The district court was fully satisfied that the actions by Judge Hazlewood--granting the Gutbrods' motion for summary judgment and issuing a writ of assistance to put the Gutbrods in possession--were within his judicial capacity and jurisdiction. See Reed v. Village of Shorewood, 704 F.2d 943, 951 (7th Cir.1983) ("[j]udges of course have absolute immunity from damage suits based on their judicial rulings"). Appellants have failed to allege anything more than an unsubstantiated conspiracy involving Judge Hazlewood, one which would be considered a non-judicial act if adequately proven. Harris v. Harvey, 605 F.2d 330, 336 (7th Cir.1979). We believe that Judge Hazlewood's actions were judicial acts "normally performed by a judge[ ] and to the expectations of the parties," Stump, 435 U.S. at 362, 98 S.Ct. at 1107, and were thus "cloaked with absolute judicial immunity." Lowe v.
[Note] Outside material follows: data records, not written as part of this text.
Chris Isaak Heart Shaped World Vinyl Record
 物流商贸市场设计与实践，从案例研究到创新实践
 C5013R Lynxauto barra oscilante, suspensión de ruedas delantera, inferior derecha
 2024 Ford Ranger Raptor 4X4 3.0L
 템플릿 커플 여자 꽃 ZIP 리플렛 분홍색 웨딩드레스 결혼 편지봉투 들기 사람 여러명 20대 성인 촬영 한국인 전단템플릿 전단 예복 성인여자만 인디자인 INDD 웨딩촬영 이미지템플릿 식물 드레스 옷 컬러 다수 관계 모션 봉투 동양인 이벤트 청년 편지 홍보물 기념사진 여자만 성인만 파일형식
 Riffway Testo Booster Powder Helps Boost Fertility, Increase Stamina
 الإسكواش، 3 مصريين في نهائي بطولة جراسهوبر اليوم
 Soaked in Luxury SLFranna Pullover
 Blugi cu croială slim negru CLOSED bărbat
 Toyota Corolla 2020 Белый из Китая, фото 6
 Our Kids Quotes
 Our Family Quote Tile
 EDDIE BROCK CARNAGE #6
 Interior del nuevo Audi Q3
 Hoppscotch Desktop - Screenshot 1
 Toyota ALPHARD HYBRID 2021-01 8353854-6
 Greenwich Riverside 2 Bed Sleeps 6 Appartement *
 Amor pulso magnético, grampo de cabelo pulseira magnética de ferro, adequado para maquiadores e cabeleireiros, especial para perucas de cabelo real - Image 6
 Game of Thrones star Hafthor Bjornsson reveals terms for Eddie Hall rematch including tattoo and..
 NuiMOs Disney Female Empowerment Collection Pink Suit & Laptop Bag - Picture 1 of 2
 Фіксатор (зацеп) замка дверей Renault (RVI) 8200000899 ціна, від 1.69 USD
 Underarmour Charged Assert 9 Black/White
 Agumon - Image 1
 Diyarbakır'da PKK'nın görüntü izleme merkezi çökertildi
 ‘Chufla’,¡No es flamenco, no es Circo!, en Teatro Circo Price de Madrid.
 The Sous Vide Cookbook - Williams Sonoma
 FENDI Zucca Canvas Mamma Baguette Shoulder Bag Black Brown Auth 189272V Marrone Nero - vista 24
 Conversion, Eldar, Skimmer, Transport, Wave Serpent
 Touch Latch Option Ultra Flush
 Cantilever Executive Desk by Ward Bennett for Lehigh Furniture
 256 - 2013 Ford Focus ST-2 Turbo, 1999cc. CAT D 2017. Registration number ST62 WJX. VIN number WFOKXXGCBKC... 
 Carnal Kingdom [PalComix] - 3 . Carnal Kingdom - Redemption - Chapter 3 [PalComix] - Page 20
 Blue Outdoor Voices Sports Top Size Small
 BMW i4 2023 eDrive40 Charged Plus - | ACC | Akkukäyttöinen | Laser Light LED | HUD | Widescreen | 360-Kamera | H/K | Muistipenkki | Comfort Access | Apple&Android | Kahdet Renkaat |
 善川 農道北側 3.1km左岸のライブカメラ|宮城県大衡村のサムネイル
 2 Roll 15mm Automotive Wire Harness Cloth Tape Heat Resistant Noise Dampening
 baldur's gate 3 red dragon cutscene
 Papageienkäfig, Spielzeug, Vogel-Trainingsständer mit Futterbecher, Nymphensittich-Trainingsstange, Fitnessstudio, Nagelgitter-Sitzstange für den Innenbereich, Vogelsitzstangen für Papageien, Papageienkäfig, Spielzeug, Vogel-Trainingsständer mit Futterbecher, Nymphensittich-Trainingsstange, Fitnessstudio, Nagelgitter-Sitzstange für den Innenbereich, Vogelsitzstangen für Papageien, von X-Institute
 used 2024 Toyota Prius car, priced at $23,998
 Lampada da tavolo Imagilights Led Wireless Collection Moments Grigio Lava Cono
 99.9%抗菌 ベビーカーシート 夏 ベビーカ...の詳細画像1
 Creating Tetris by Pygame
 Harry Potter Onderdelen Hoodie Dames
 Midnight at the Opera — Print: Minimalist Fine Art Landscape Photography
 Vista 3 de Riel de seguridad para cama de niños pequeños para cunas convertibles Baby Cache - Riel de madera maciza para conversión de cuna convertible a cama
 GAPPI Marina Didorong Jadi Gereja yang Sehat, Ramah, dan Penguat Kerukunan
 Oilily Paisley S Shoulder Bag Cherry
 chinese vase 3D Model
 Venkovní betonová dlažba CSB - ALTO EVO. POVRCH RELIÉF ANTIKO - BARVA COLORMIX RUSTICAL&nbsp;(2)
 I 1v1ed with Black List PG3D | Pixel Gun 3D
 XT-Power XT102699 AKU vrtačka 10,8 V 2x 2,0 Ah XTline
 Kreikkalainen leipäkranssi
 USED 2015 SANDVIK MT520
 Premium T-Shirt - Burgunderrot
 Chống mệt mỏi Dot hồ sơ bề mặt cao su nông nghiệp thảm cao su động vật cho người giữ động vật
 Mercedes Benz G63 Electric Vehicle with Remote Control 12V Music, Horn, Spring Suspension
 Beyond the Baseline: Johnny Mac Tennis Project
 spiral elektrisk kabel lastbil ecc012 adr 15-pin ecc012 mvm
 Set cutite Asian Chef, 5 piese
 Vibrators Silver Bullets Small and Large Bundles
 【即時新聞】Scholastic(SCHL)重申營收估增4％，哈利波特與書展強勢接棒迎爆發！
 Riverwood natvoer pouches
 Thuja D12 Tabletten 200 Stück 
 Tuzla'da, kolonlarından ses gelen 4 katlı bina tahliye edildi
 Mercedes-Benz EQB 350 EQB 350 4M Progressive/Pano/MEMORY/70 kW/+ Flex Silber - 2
Letsinger, 772 F.2d 308, 312 (7th Cir.1985).

B. Abuse of Process


The district court held that the appellants' motions were "meant solely to harass the judiciary and opposing litigants in the wake of a legitimate ruling unfavorable to the movants' case." Order at 7. In reviewing the court's sua sponte decision to dismiss appellants' claims, we agree with both its reasoning and result.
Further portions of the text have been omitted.